Omit every picture. Return all other data as it stands.

(PROVIDED DATA)

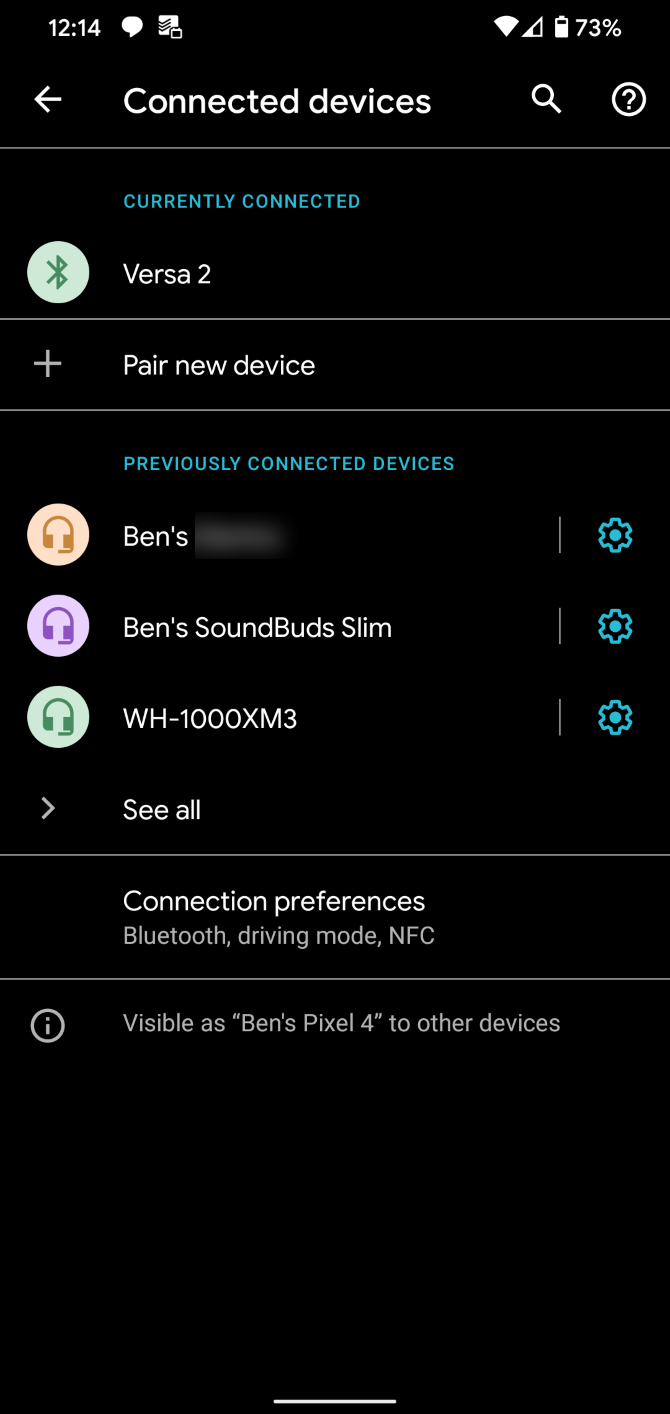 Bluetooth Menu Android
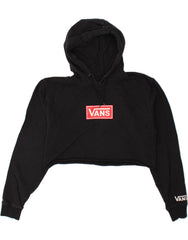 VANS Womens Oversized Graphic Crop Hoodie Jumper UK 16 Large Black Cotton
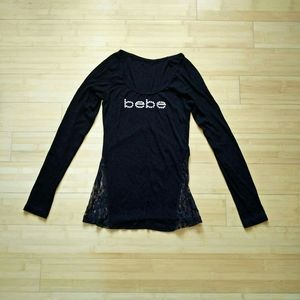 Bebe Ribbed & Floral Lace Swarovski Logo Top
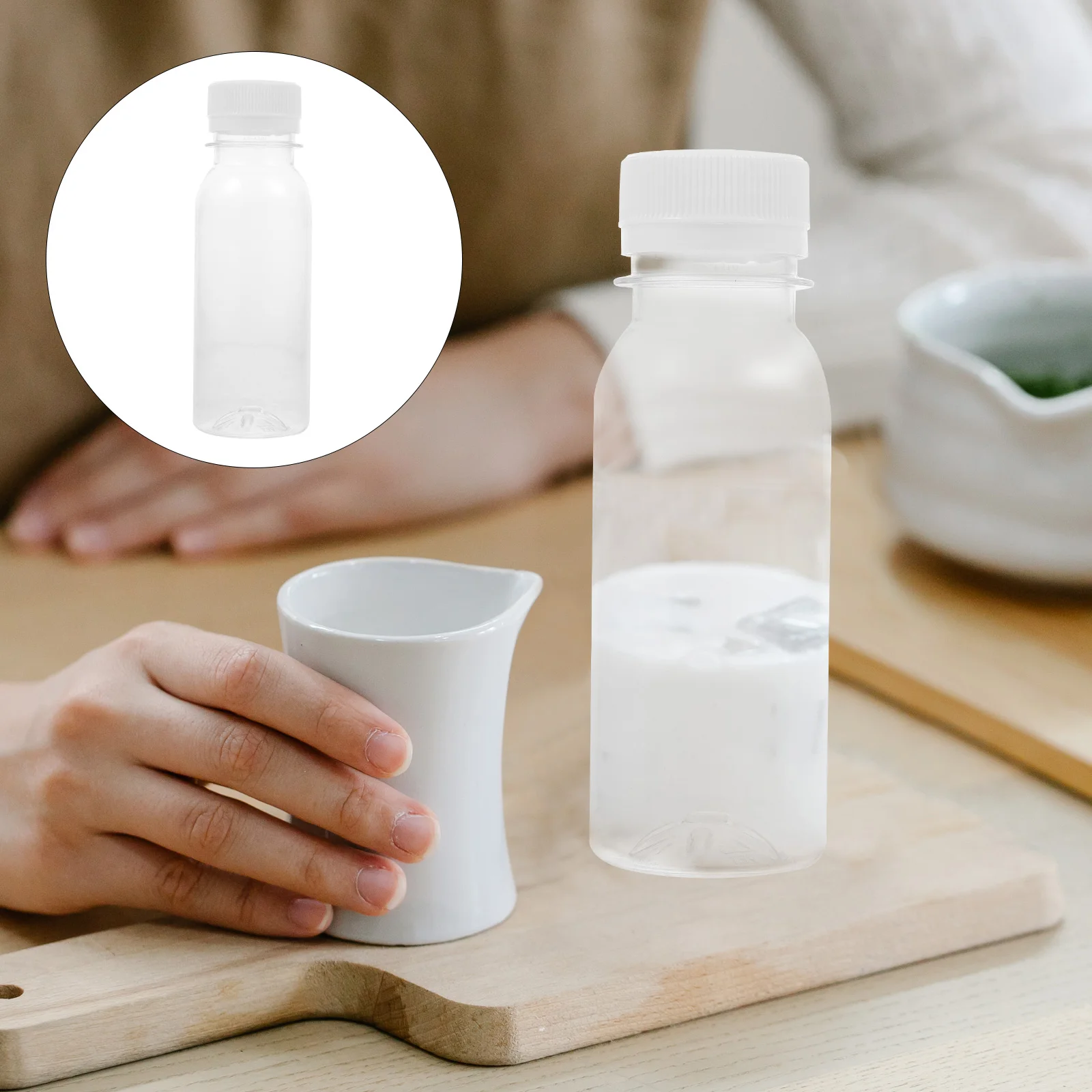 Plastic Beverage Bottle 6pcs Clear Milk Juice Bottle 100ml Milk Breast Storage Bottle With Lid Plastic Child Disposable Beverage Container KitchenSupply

(End PROVIDED DATA)

### THE ANSWER
 Bluetooth Menu Android
 VANS Womens Oversized Graphic Crop Hoodie Jumper UK 16 Large Black Cotton
 Bebe Ribbed & Floral Lace Swarovski Logo Top
 Plastic Beverage Bottle 6pcs Clear Milk Juice Bottle 100ml Milk Breast Storage Bottle With Lid Plastic Child Disposable Beverage Container KitchenSupply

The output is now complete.